Max_allowed_packet sets a limit to the maximum size of a packet, or a generated/intermediate string. This value is intentionally kept small (4MB) on MySQL 5.7 in order to detect the larger, intentionally incorrect packets. MariaDB has increased this value to 16MB. If using any large BLOB fields, you need to adjust this value to the size of the largest BLOB, in multiples of 1024, or you risk running into errors transferring the results.

Max_write_lock_count controls the number of write locks that can be given before some read lock requests being processed. In extremely heavy write loads your reads can pile up while waiting for the writes to complete. Modifying the max_write_lock_count allows you to tune how many writes can occur before some reads are allowed against the table. MySQL 5.7 keeps this value at the maximum (18446744073709551615), while MariaDB 10.2 lowered this to 4294967295. One thing to note is that this is still the maximum value on MariaDB 10.2.
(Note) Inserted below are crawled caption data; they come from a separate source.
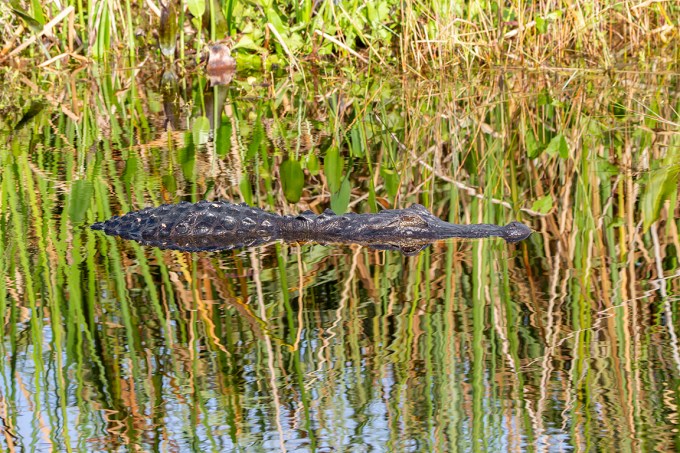 Alligator_v1_LW_1_20_7D_200mm_MG_0367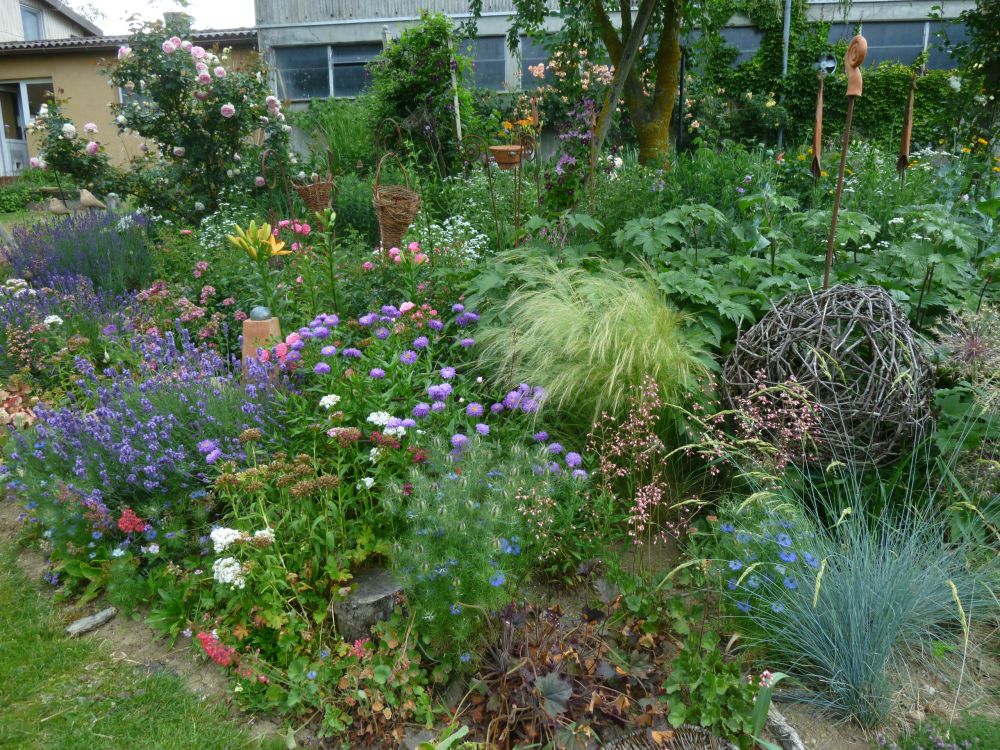 Garten Frau Hauk 11.6.14 023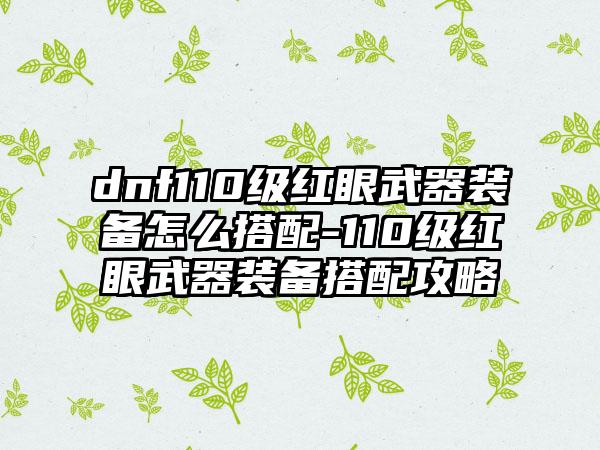dnf110级红眼武器装备怎么搭配-110级红眼武器装备搭配攻略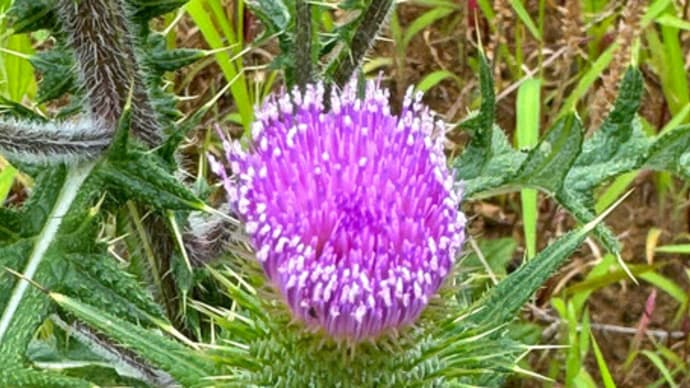 アメリカオニアザミの花
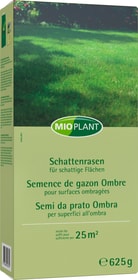 Mioplant Schattenrasen, 25 m2 Rasensamen Schattenrasen, 25 m2 Rasensamen Mioplant 659289700000 Bild Nr. 1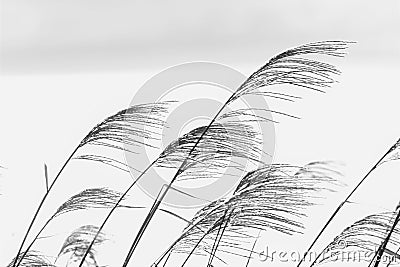 The sight of Japanese pampas grass swaying in the wind and shining Stock Photo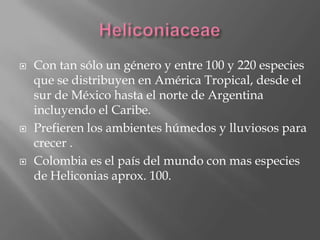    Con tan sólo un género y entre 100 y 220 especies
    que se distribuyen en América Tropical, desde el
    sur de México hasta el norte de Argentina
    incluyendo el Caribe.
   Prefieren los ambientes húmedos y lluviosos para
    crecer .
   Colombia es el país del mundo con mas especies
    de Heliconias aprox. 100.
 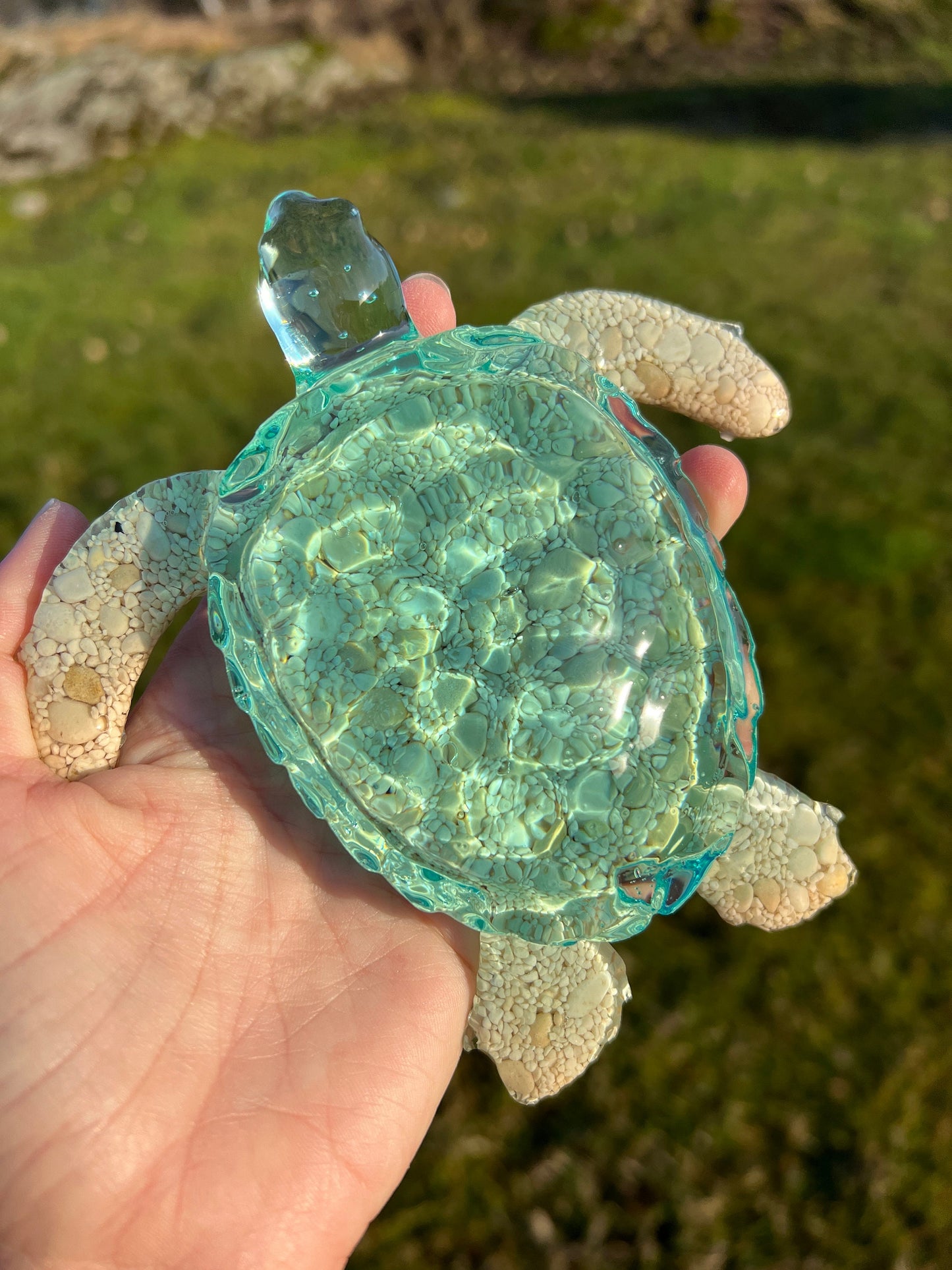 Ocean Turtle -X- large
Old_passwords controls the hashing method used by the password function, create user and grant statements. This variable has undergone several changes in MySQL 5.7. As of 5.7.4 the valid options were MySQL 4.1 native hashing, Pre-4.1 (old) hashing, and SHA-256 hashing. Version 5.7.5 removed the “old” Pre-4.1 method, and in 5.7.6 the variable has been deprecated with the intent of removing it entirely. MariaDB 10.2 uses a simple boolean value for this variable instead of the enumerated one in MySQL 5.7, though the intent is the same. Both default the old_passwords to OFF, or 0, and allow you to enable the older method if necessary.

Open_files_limit restricts the number of file descriptors mysqld can reserve. If set to 0 (the default in MariaDB 10.2) then mysqld reserves max_connections * 5 or max_connections + table_open_cache * 2, whichever is larger. It should be noted that mysqld cannot use an amount larger than the hard limit imposed by the operating system. MySQL 5.7 is also restricted by the operating systems hard limit, but is set at runtime to the real value permitted by the system (not a calculated value).

The pid_file allows you to control where you store the process id file. This isn’t a file you typically need, but it is good to know where it is located in case some unusual errors occur. On MariaDB you can find this inside /var/lib/mysql/, while on MySQL 5.7 you will find it inside /var/run/mysqld/. You will also notice a difference in the actual name of the file. MariaDB 10.2 uses the hostname as the name of the pid, while MySQL 5.7 simply uses the process name (mysqld.pid).

Secure_file_priv is a security feature that allows you to restrict the location of files used in data import and export operations. When this variable is empty, which was the default in MySQL before 5.7.6, there is no restriction. If the value is set to NULL, import and export operations are not permitted. The only other valid value is the directory path where files can be imported from or exported to. MariaDB 10.2 defaults to empty. As of MySQL 5.7.6, the default will depend on the install_layout CMAKE option.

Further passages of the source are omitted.